Export Individual Paradata File for an Interview

Hi Survey Solutions team

I would like to propose a new option to export the paradata file. I think it might be a good idea to export the paradata file for an interview or for an interview list.
I am proposing it because I currently have an overly large paradata file, which I cannot open with a simple note document reader.

The file is too big, I was able to open it with SPSS but I spent a long time waiting for all the rows to load in the SPSS panel and then when I tried to filter by specific interview_Id I had to wait a long time again.

My conclusion is that this paradata file generated for large surveys (both at the field survey duration level and at the questionnaire size level) becomes unmanageable due to the large amount of information it contains, for this reason I think that It would be a great idea to have the facility to generate a paratata file for an interview or for an interview list.

Thank you for your help and for always making Survey Solutions a better tool.

Hello Kevin,

  1. a notepad is really not the appropriate tool to work with this kind of files. It is neither intended nor optimized for working with large files.

  2. Statistical packages are handling the task better.
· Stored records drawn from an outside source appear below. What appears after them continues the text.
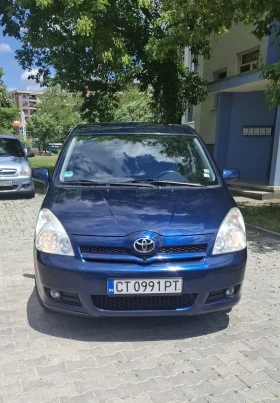 Toyota Corolla verso 1.8 vvt-i бензин газ  - 3700 € / 7236.57 лв. - 99668809 2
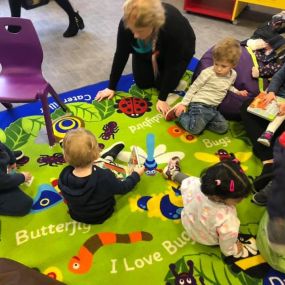 Bild von Rise & Shine Day Nursery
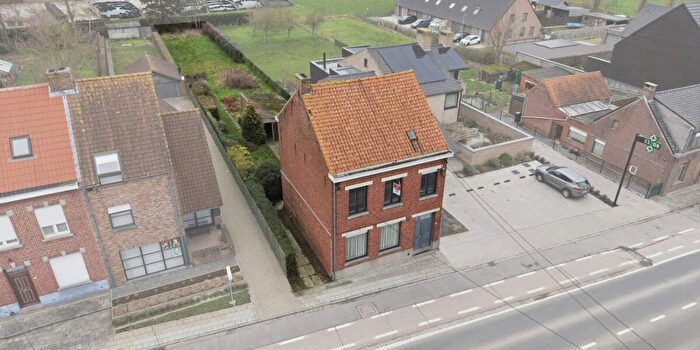 Maison 3 pièces à Veurnseweg, Elverdinge, à vendre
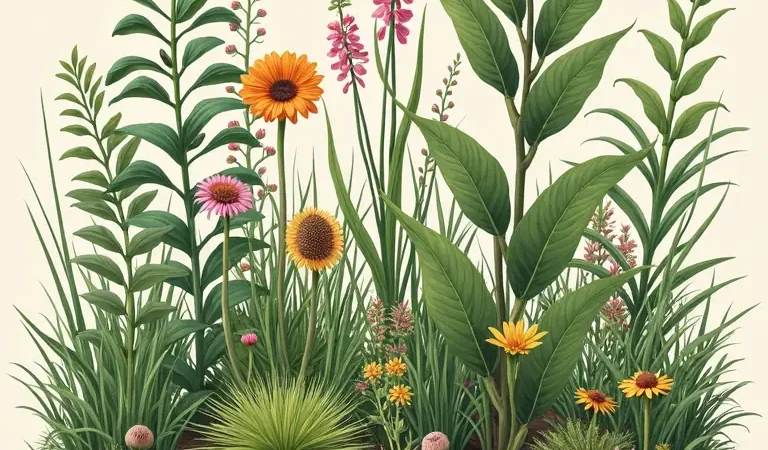Il Giardino e la Fitogeografia: Mappare le Piante Selvagge del Tuo Microclima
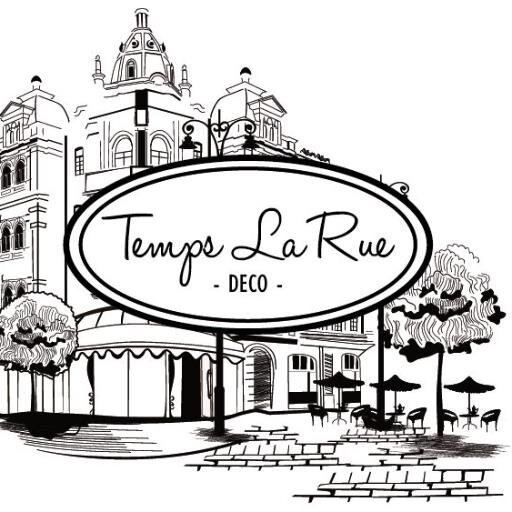 TEMPSLARUE's profile picture. DISEÑO DE INTERIORES, RESTAURACION DE ANTIGUEDADES. Facebook: TEMPS LA RUE DECO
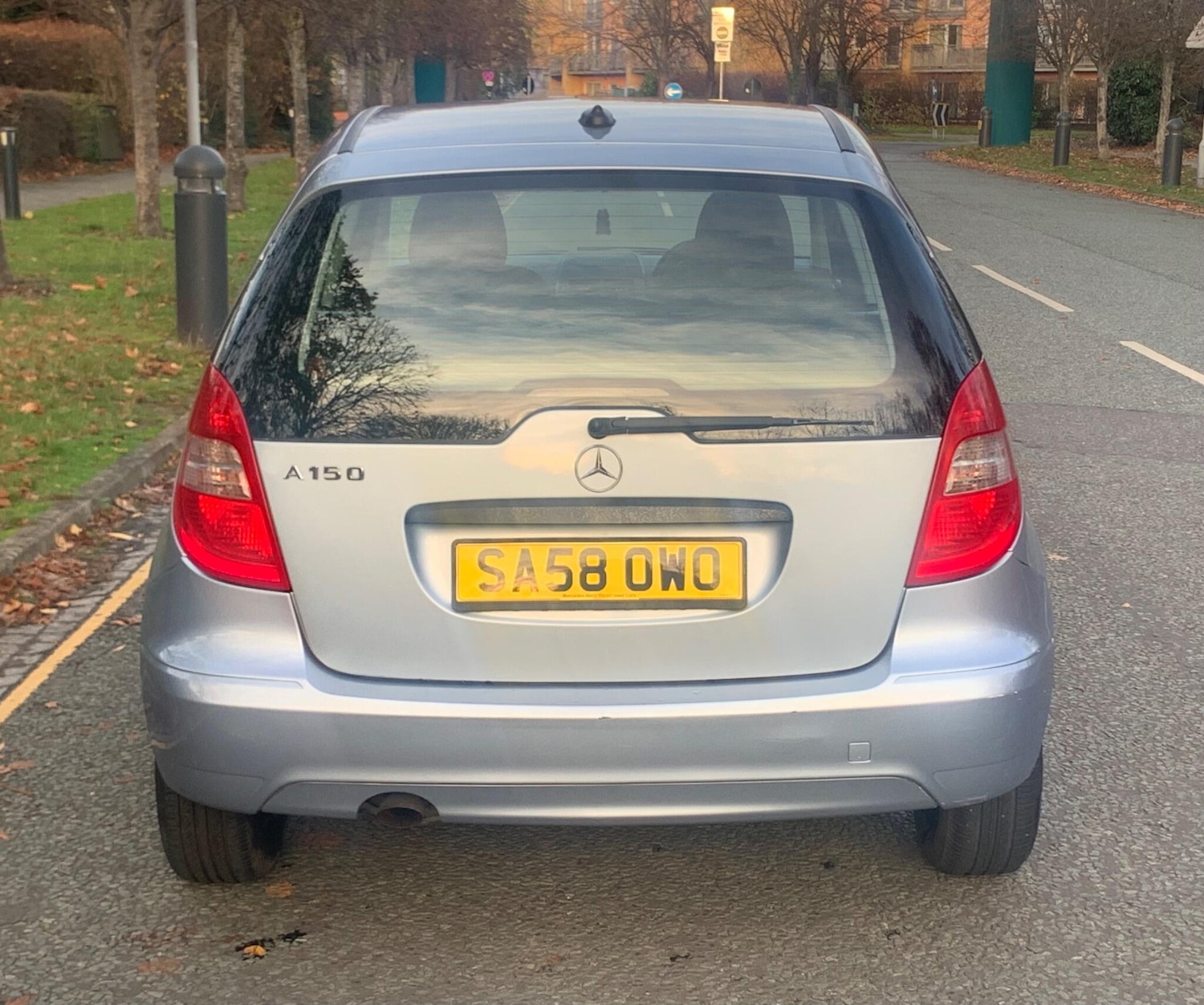 Used Mercedes-Benz A-Class 2008 for sale - 76989919: Photo 11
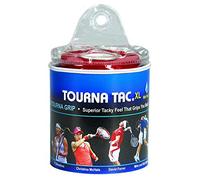 Grips de tennis Tourna Tac XL Tour Pack 30P - white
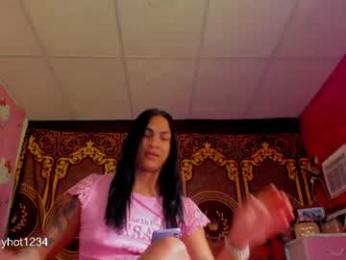 sexwildlatin — Chaturbate stream photo (Aug 2026)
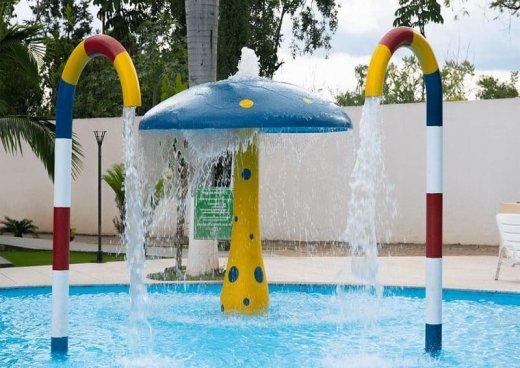 Encontro das Águas Thermas Resort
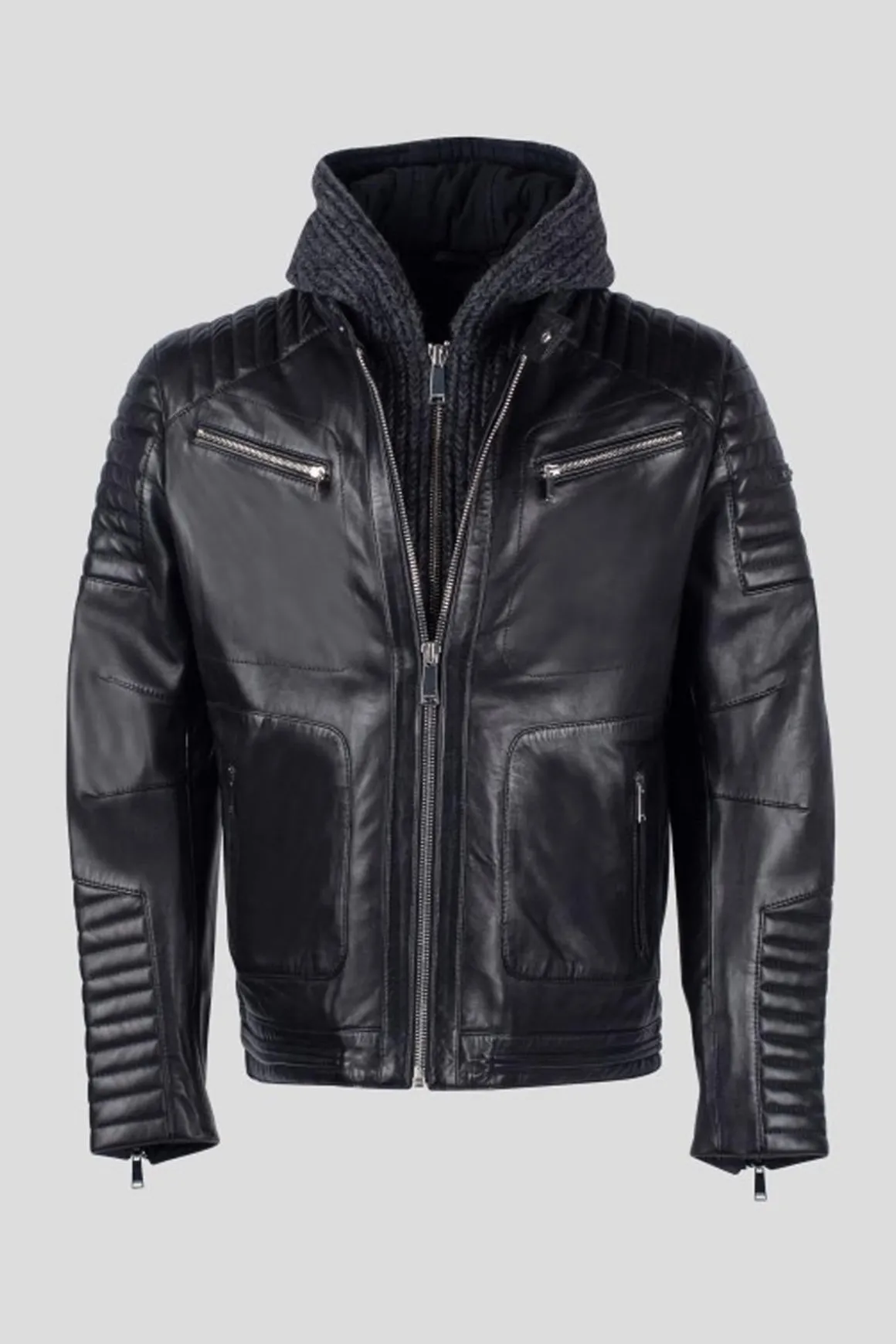 Blouson Homme Redskins Byron Mojito Black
But they all need to digest the data in text format into their internal structures (by reading the file and parsing its contents) before they can be manipulated by those packages. This means multiple reads of the files and analysis of every line on the go. Different packages may do that with different workload. For example, as of 2008 Stata was doing three full passes over the file:
    https://www.stata.com/statalist/archive/2008-02/msg00935.html

  3. While there is nothing specifically difficult about the paradata files, the share size of them is a common problem, since the statistical packages (Stata, SPSS, R, etc, not sure about SAS - there are some SAS users here, perhaps they can step in) tend to load the whole file into the memory. Furthermore, the memory footprint of the data imported from such file is usually larger than the file itself, due to string storage rules, and additional overhead, which is hard to quantify in general. (as a rule of thumb consider doubling the size of the data).
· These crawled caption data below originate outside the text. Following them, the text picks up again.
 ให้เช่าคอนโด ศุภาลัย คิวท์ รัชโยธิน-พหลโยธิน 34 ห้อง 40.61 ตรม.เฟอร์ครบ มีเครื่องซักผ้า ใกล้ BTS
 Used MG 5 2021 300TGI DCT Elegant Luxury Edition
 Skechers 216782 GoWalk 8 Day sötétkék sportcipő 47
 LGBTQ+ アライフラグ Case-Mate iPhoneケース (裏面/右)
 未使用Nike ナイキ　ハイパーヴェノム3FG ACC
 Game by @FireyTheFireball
  4. A different strategy would be to import the data into a Database Application, from which to query the specific records.

  5. On the specific records - somebody has to extract them, spend time on processing. Either Survey Solutions server or the next program in the chain - the consumer of those data. For the moment we opted for the latter, as paradata is having a more prominent value as a whole, not as separate records plus the user has the freedom to pick and chose what is needed for the analysis.

Best, Sergiy

Thank you Sergiy.

I certainly agree with what you have mentioned.

However, I consider that when the HQ user exports the paradata file it is in order to review some precise data in the information collected in said file, so it would be interesting to have an alternate process that allows this revision task to be carried out in less time (avoiding having to generate and load row by row the conversion of the all paratata file in some statistical software because this is time consuming, it would also take some time to consider importing the data into a database application and then querying the specific records). With which it could be feasible to be able to generate the export of the paradata file for individual interviews.

Again thank you very much for the comprehensive explanation.